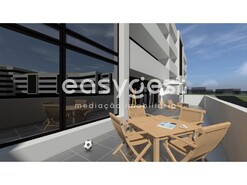 Apartamento T2 - Viseu, Viseu, Viseu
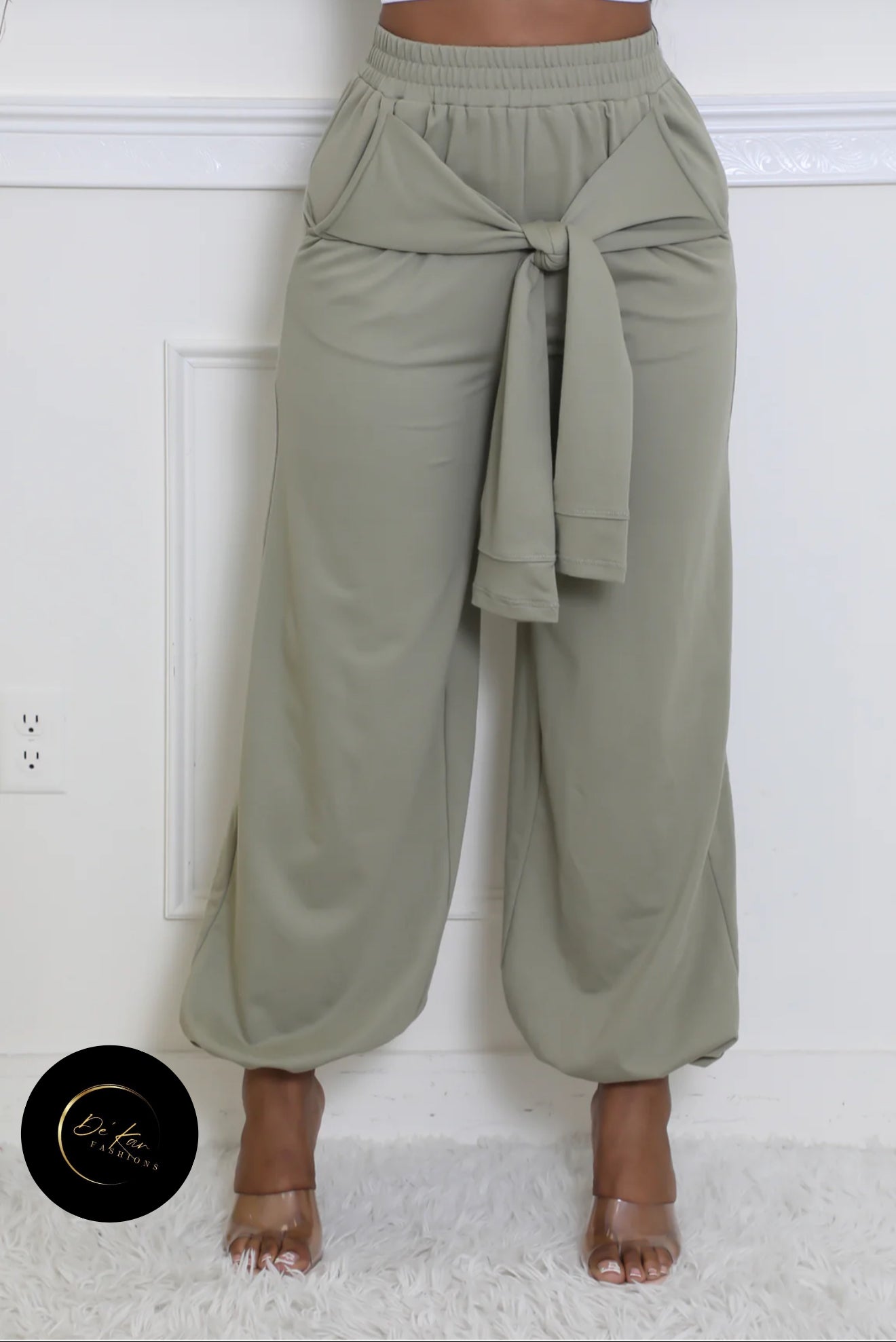 “SOPHIE PANTS”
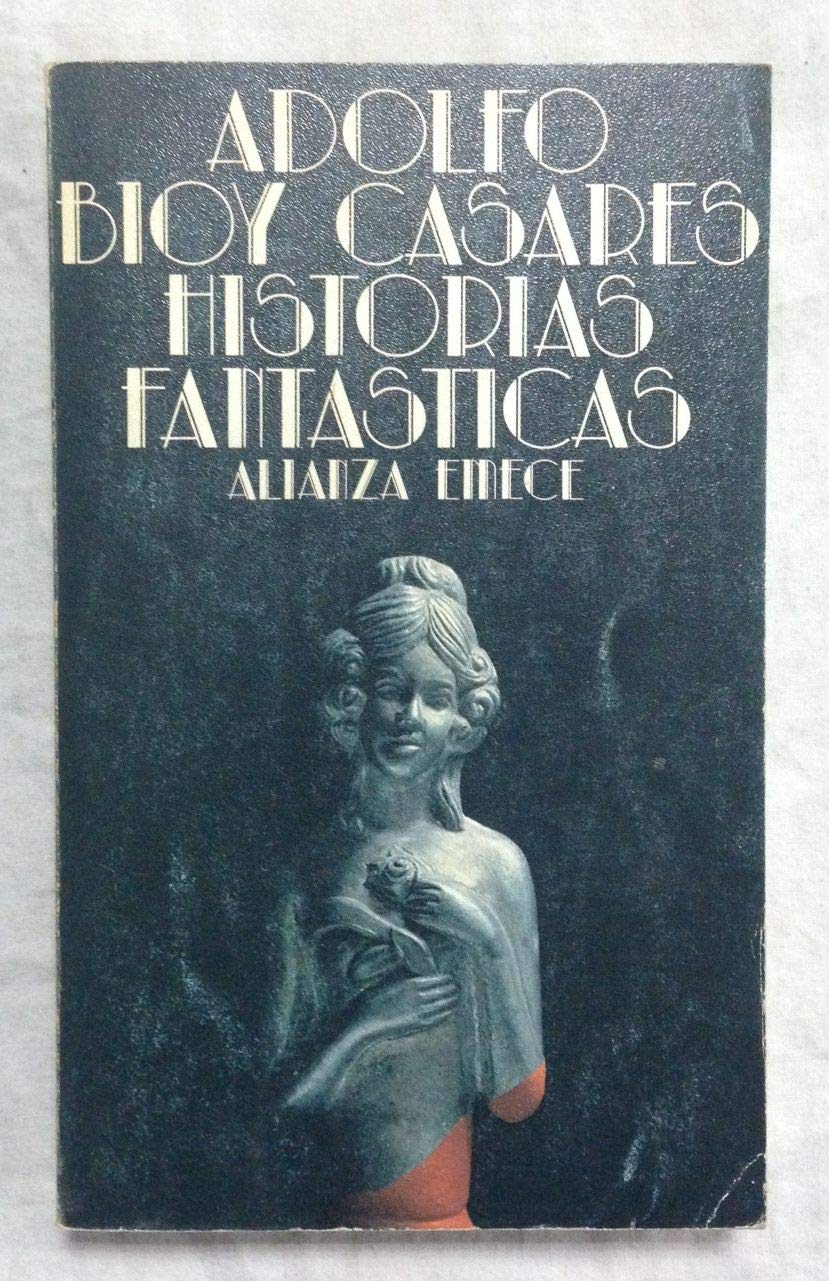 Historias fantasticas Books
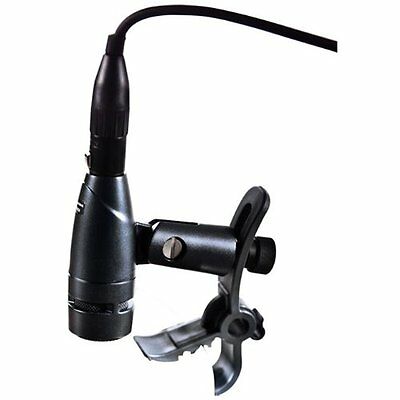 Apex APEX-DP6 APEX-DP6 - Deluxe Drum Pack - 1x APEX325, 3x APEX326, 2x APEX190 - Microphones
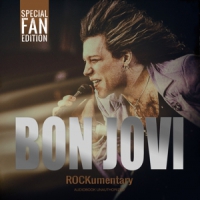 Audiobook Bon Jovi - Rockumentary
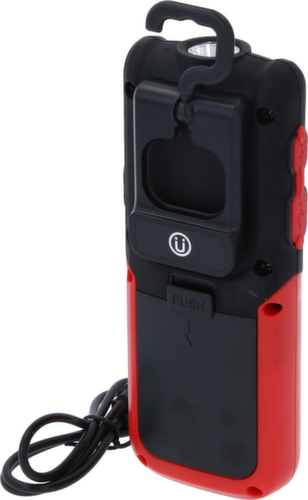 KS Tools Mobile Werkstatt-Handlampe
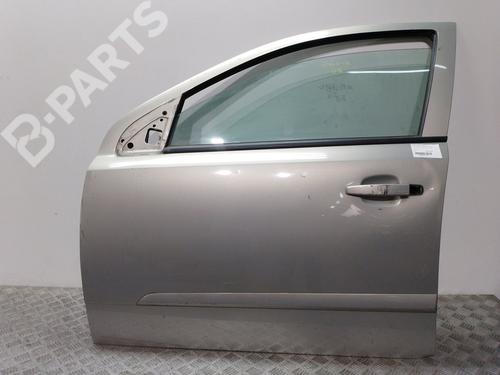 Porte avant gauche OPEL ASTRA H TwinTop (A04) 1.6 (L67) (105 hp) 5178357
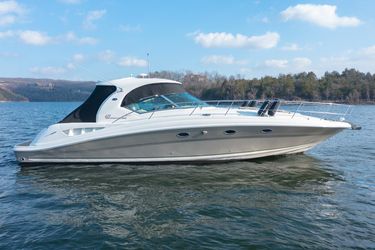 45' Sea Ray 2005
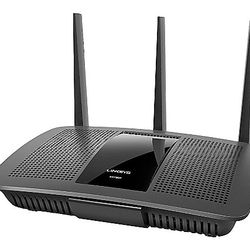 LINKSYS EA7300 MAX-STREAM DUAL-BAND router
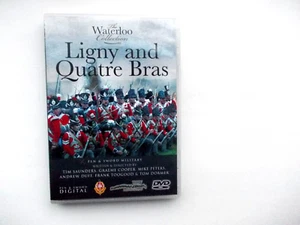 Ligny & Quatre BH: The Waterloo Collection - Pen & Sword Digital (DVD) 1,5 Std. - Bild 1 von 2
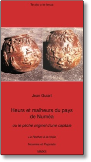 Couverture du livre sur Noumea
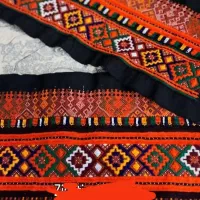 زیح و آستین تمام دست|لباس|ایرانشهر, |دیوار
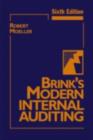 Brink's Modern Internal Auditing - eBook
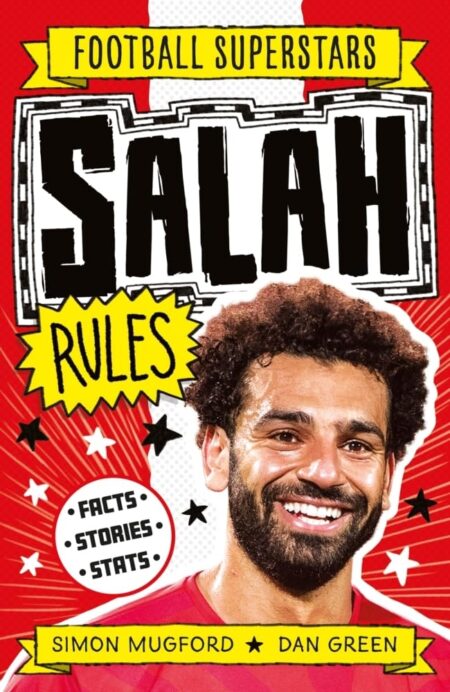 Football Superstars: Salah Rules 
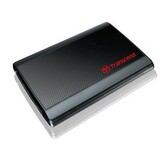 Transcend StoreJet Hard Drive - TS250GSJ25P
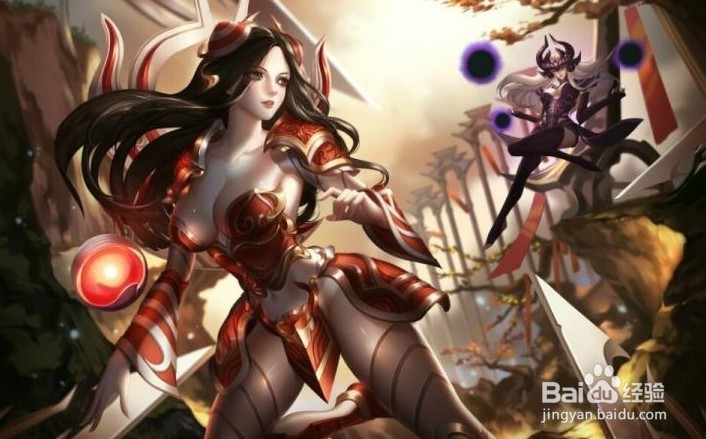 英雄联盟刀锋意志（刀妹）上分技巧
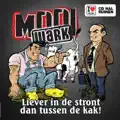 Liever In De Stront Dan Tussen De Kak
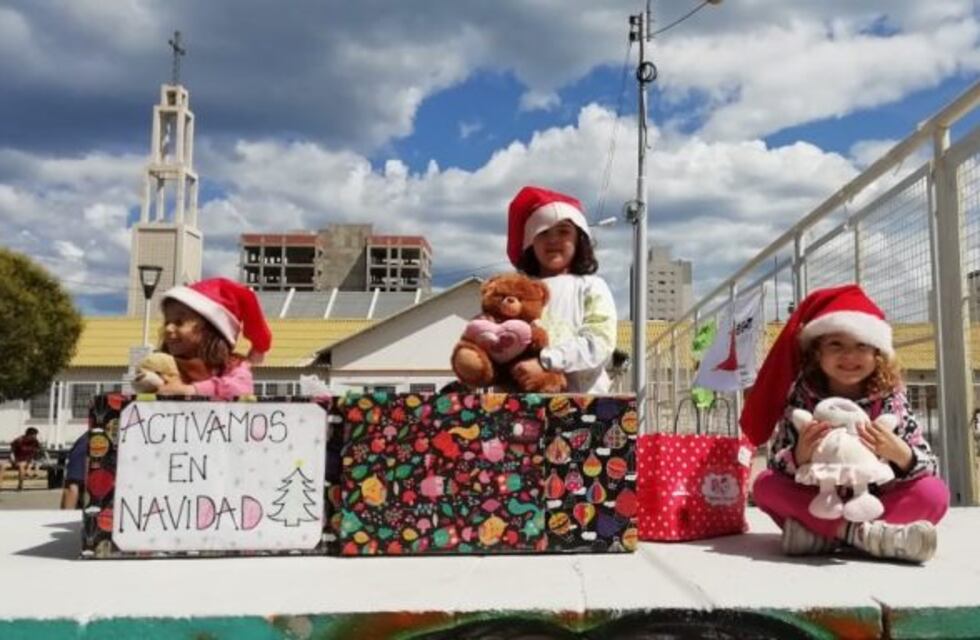 Este martes se realizará la Segunda Edición del Árbol de los Deseos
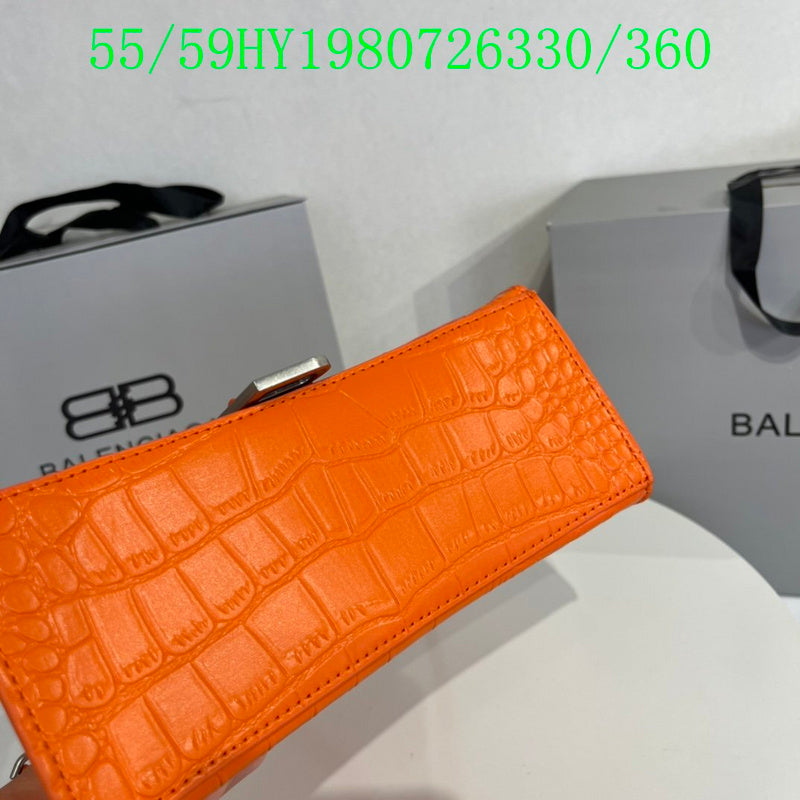 LO - BGA Bags - 2174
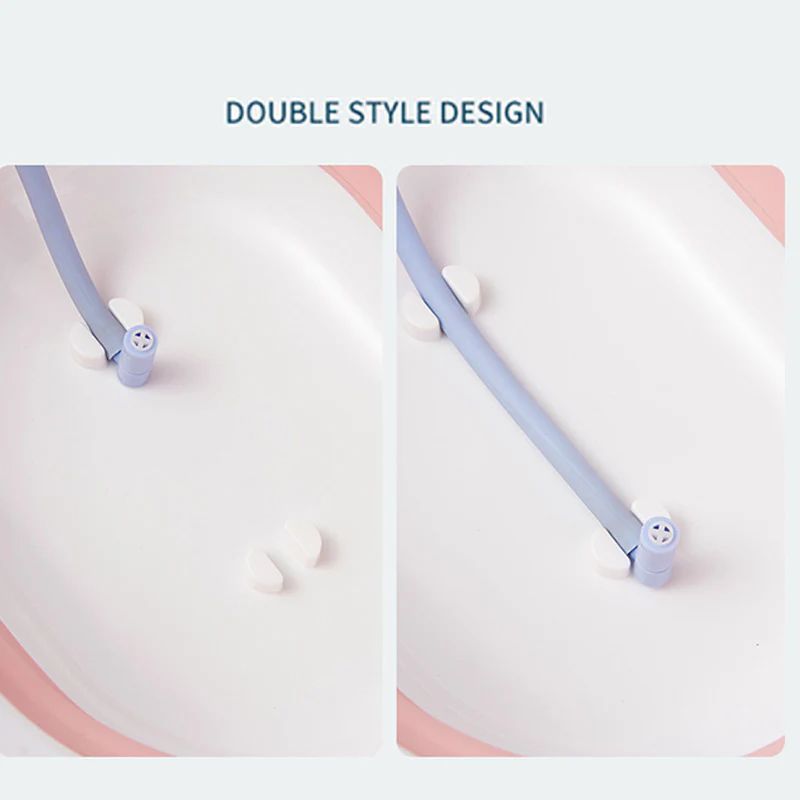 Collapsible Bidet Maternal Self Cleaning Tub - Image 13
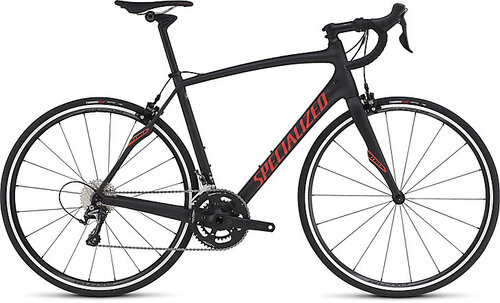 SPECIALIZED ROUBAIX SL4 COMP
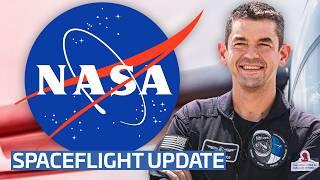 Artemis Delayed Again, Isaacman’s Nomination & Exciting Rocket Debuts! |This Week In Spaceflight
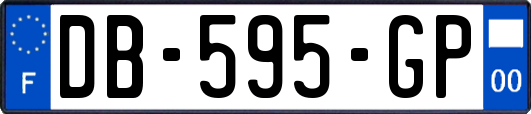 DB-595-GP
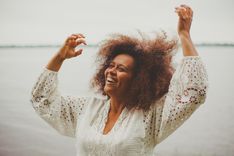 Percussions brésilliennes - Flavia Nascimento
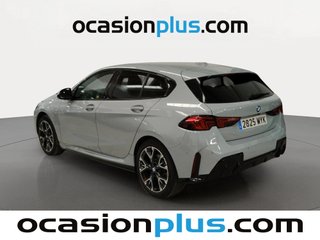 BMW Serie 1 120d 120 kW (163 CV)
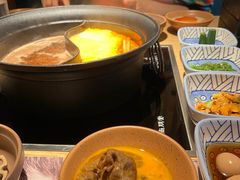 -温野菜涮涮锅(曲江大悦城店)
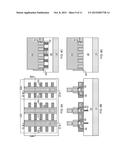 FLOATING BODY STORAGE DEVICE EMPLOYING A CHARGE STORAGE TRENCH diagram and image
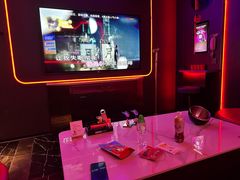 -星聚会KTV(合生汇黑金店)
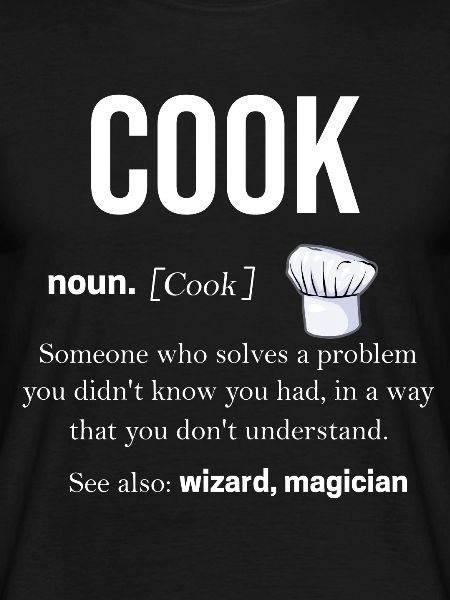Cuisson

**********

What you are asked to do:
Set the pictures aside and transcribe exactly the stretch of lines above, beginning with the one holding "45' Sea Ray 2005" and ending with the one holding "Brink's Modern Internal Auditing - eBook".

Solution to this task:
 45' Sea Ray 2005
 LINKSYS EA7300 MAX-STREAM DUAL-BAND router
 Ligny & Quatre BH: The Waterloo Collection - Pen & Sword Digital (DVD) 1,5 Std. - Bild 1 von 2
 Couverture du livre sur Noumea
 زیح و آستین تمام دست|لباس|ایرانشهر, |دیوار
 Brink's Modern Internal Auditing - eBook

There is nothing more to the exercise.